個人懇談で涙があふれた、あの日の私へ

🌷子育て・保育への思い

個人懇談。

保護者の方にとっては、少し緊張する時間かもしれません。

担任の先生は、普段のお子さんの様子や成長した姿、園で見せる笑顔や頑張りをお伝えします。

そして、もし少し気になる姿があれば、そのことにも触れることがあります。

でも私は、20年以上担任をしてきて、一つだけ大切にしていることがあります。

それは、課題だけを伝えないこと。

「こんな姿が見られます。」

で終わるのではなく、

「だから園ではこんな声かけをしています。」
「こんな関わりを続けています。」
「一緒に見守っていきましょう。」

そんなふうに、必ず援助や取り組みをセットでお伝えするようにしています。

それでも、涙を流される保護者の方がいます。

その姿を見るたびに、私は昔の自分を思い出します。

私も、一人の母親でした。

先生から、わが子の少し気になる姿を聞いたとき。

今思えば、本当に些細なことだったのかもしれません。

でも、当時の私は毎日必死でした。

一生懸命子育てをしていました。

だからこそ、

「うちの子がそんなことを……」

その一言だけで、張りつめていた気持ちがあふれ、先生の前で涙が止まらなくなったことがあります。

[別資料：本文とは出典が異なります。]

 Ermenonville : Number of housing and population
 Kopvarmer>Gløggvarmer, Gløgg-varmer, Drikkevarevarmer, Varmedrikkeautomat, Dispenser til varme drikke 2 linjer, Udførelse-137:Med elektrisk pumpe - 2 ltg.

あのとき、担任の先生は否定することなく、静かに寄り添ってくださいました。

あの優しさは、今でも忘れられません。

だから今、私は先生の立場として伝えたいことがあります。

完璧な子育てなんてありません。

完璧なお母さんも、お父さんもいません。

子どもは、思い通りに育つ存在ではありません。

だから、悩むのは当たり前です。

困ったときは、一人で抱え込まないでください。

先生は、お子さんの味方であると同時に、保護者の味方でもあります。

「一緒に考えていきましょう。」

私は、その言葉をこれからも大切に伝え続けたいと思っています。